Wednesday, October 17, 2018

Movie Review: The Old Man & the Gun

The Old Man & the Gun **** / *****
Directed by: David Lowery.
Written by: David Lowery based on the article by David Grann.
Starring: Robert Redford (Forrest Tucker), Casey Affleck (John Hunt), Sissy Spacek (Jewel), Danny Glover (Teddy), Tom Waits (Waller), Tika Sumpter (Maureen), Ari Elizabeth Johnson (Abilene), Teagen Johnson (Tyler), Gene Jones (Mr. Owens), John David Washington (LT. Kelley), Barlow Jacobs (Offerman), Isiah Whitlock Jr. (Detective Gene Dentler), Elisabeth Moss (Dorothy), Keith Carradine (Captain Calder), Robert Longstreet (Stepgen Beckley Jr., Esquire).
 
If you are going to build an entire movie on the charm, and cinematic legacy, of an actor you could do a lot worse than picking Robert Redford. In what may, or may not, be his swan song as an actor, Redford plays Forrest Tucker, a man who has been in and out of prison his entire life. When he’s not in jail, he’s robbing banks – and when he is in jail, he is trying to come up with ways to break out – which he has done 16 times over the decades. Tucker is likable and charming – even the people he robs describe him as nice – but he just cannot stop himself.

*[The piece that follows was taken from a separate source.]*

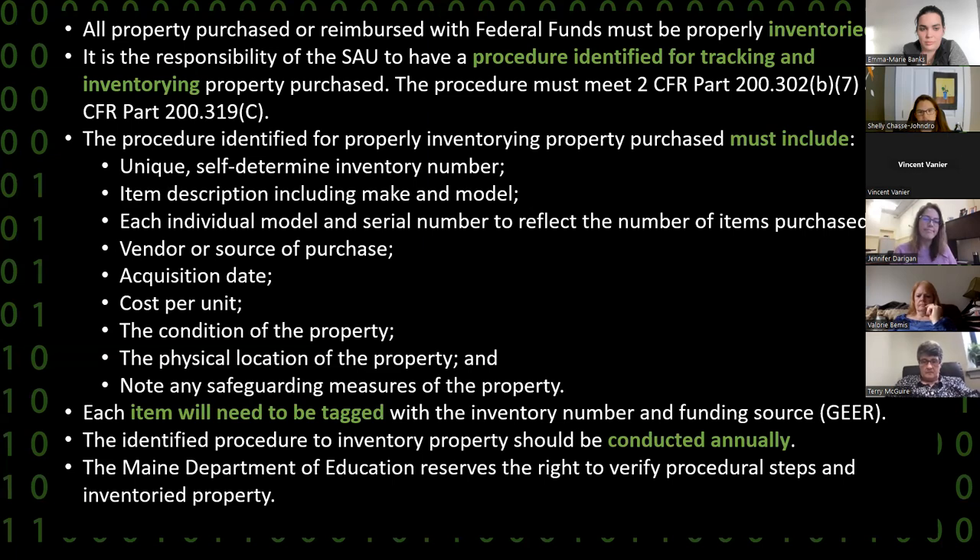These are federal emergency relief funds, so if you happen to be a district being monitored under the emergency relief funds, generating an inventory list might be one of the items we ask for. That might include the computers you bought with CARES, but it would also include your kits that you bought with GEAR funding in this program.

Early in the film, we see him come home from his latest robbery, pry up the floor boards and throw his latest stack of cash down – on tops of many other stacks of cash. He probably doesn’t need to keep robbing banks – at least not as many as he does – but if he didn’t, what would he do with himself?
 
The Old Man & the Gun is the latest film from David Lowery, who has quickly built up a very solid – and eclectic – resume from the understated crime drama Ain’t Them Bodies Saints, to the Disney kid’s movie remake Pete’s Dragon, to his exploration of time and space of A Ghost Story. The Old Man & the Gun is perhaps his least ambitious film to date – it’s a simple character study of this guy who cannot stop himself, built upon the abundance of charm of Robert Redford – but perhaps that’s why it works so well. It doesn’t try to be anything it isn’t.
 
There are other characters in the film other than Redford – most notably there is Jewel (Sissy Spacek), a widow Tucker meets while driving away from one of his robberies, as her truck is broken down on the side of the road. Theirs is a low-key relationship of a kind – a romance, yes, but one built on the two taking pleasure in each other’s company more than anything else. Both are too old to be fooling with anything else. Then there is Lowery favorite Casey Affleck as John Hunt, a Texas robbery detective who makes it his personal mission to find Tucker – and his gang – after they pull off a robbery while Hunt himself is in the bank with his son, and doesn’t notice a thing. The other members of Tucker’s gang are Teddy (Danny Glover) and Waller (Tom Waits) – and while neither becomes much of a character, Waits does deliver a great story that ends with the line “and that’s why I hate Christmas” in a way that only Waits could.
 
The film takes place in the early 1980s, and Lowery seems to delight in recreating the era – not necessarily as it was, but how it looked in movies from that era. The film has a leisurely pace – it never rushes anything, which had the film run longer than 93 minutes could have dragged, but Lowery knew the right length for this story to go.
 
But really, the whole show here is Redford – and this is one of his best performances. Unlike, say, All is Lost which is another film that relied on Redford’s cinematic history for its effect, I don’t think The Old Man & the Gun really stretches Redford’s chops very much – this role is very much in his wheelhouse. But it certainly reminds you of how great Redford can be in that wheelhouse. Redford is still capable of that boyish gleam in his eye that made him a star more than 50 years ago – and he still looks better than most actors half his age (or less). In short, The Old Man & the Gun is basically pure pleasure – like sinking into a comfortable chair for 93 minutes with an old friend.